I'm trying to calibrate my monitor and after doing so, any photos I open in photoshop have an extremely red cast. The are perfect opened elsewhere. I am trying to delete the adobe gamma loader but when I located it in the startup file and try to delete it, it says that it is only the shortcut I'm deleting. It says I should go to add/delete programs in the control panel. However, I cannot locate it in the control panel.Any suggestions?
That should be enough, this is the general method of preventing adobe gamma starting up. Anything placed in the startup menu will be launched automatically on startup, and hence anything removed will not launch anymore. You don't have to uninstall it.
Just to make sure it isn't starting up elsewhere, go to:
start>run
type msconfig
go to the startup tab
make sure there isn't anything in there that looks like "adobe gamma".
It shouldn't be there anyway, but......
It sounds as though there might be something wrong with your profile.

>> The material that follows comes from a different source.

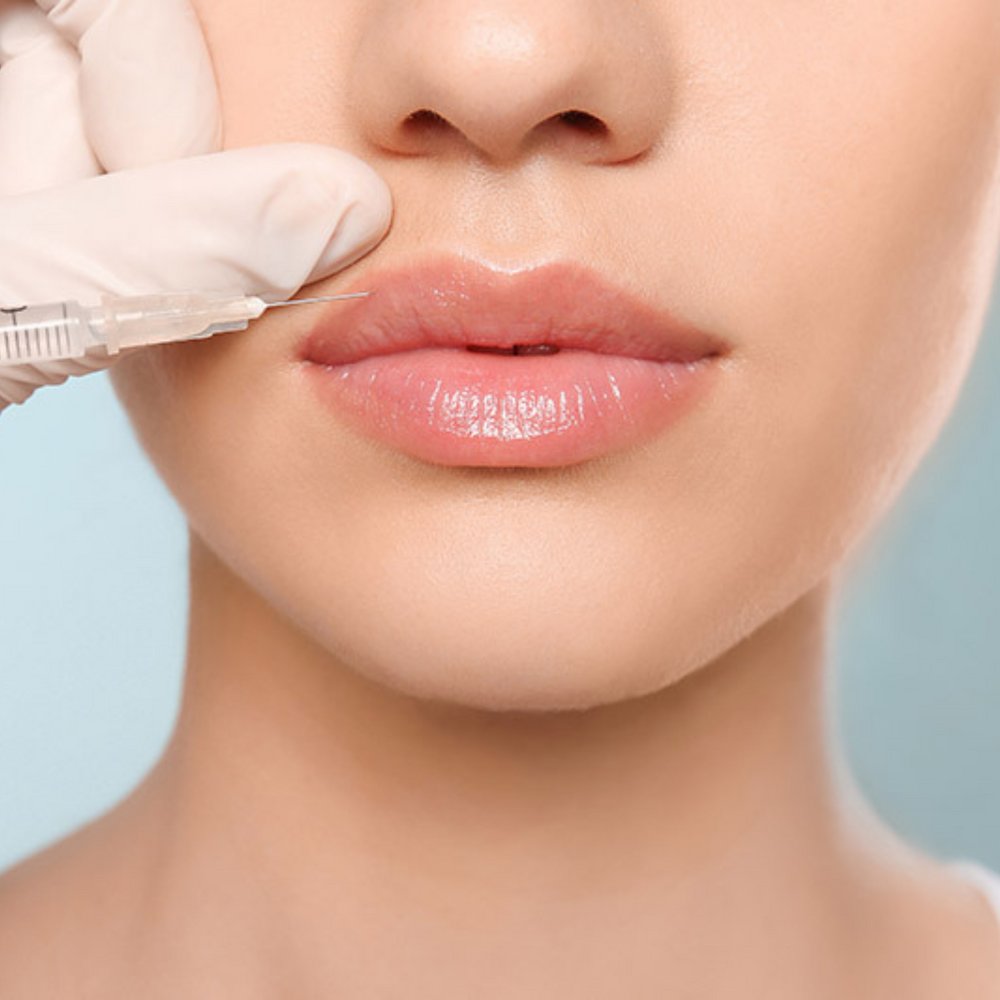 Lip Rejuvenation & Augmentation treatment in Dubai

How long did you leave your monitor switched on before calibrating it?
Failing that there might be a problem with your calibration unit. I seem to remember there being some messages on the board about this a while back: people complaining of a red/ pink cast. Might be worth a search.

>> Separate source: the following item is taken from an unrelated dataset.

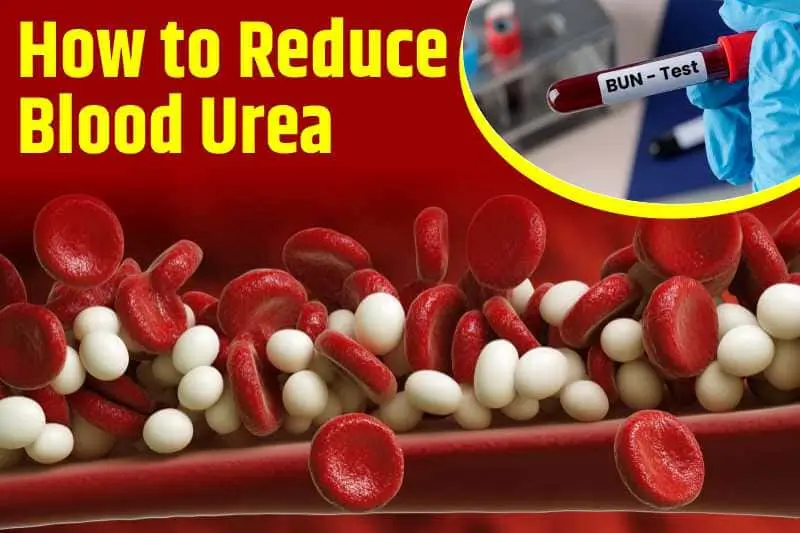 How To Reduce Blood Urea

The monitor is an older NEC CRT. I haven't calibrated it in a long while as i rarely print at home anymore. The screen looked really washed out. After calibrating it with an older version eye one display with version 3.0, the colors became much more vivid. Images brought up in breezebrowser look fine. it is only in photoshop that they are very red.
I've still not been able to locate adobe gamma.cpl. I may have removed it years ago but just don't remember. i have ordered a new eye one display 2 and will see if that cures it. If not, it may be time to upgrade to PS cs4 which i understand doesn't open with adobe gamma. I'm still using CS.
Do what Andy said and uncheck the box next to Adobe gamma in the start-up folder. If that doesn't take care of it then do a search for *gamma* on your computer.
You can disable it, once found, by changing the file name, e.g. adding NOT to the file name. If you ever want it back, you can repair the file name.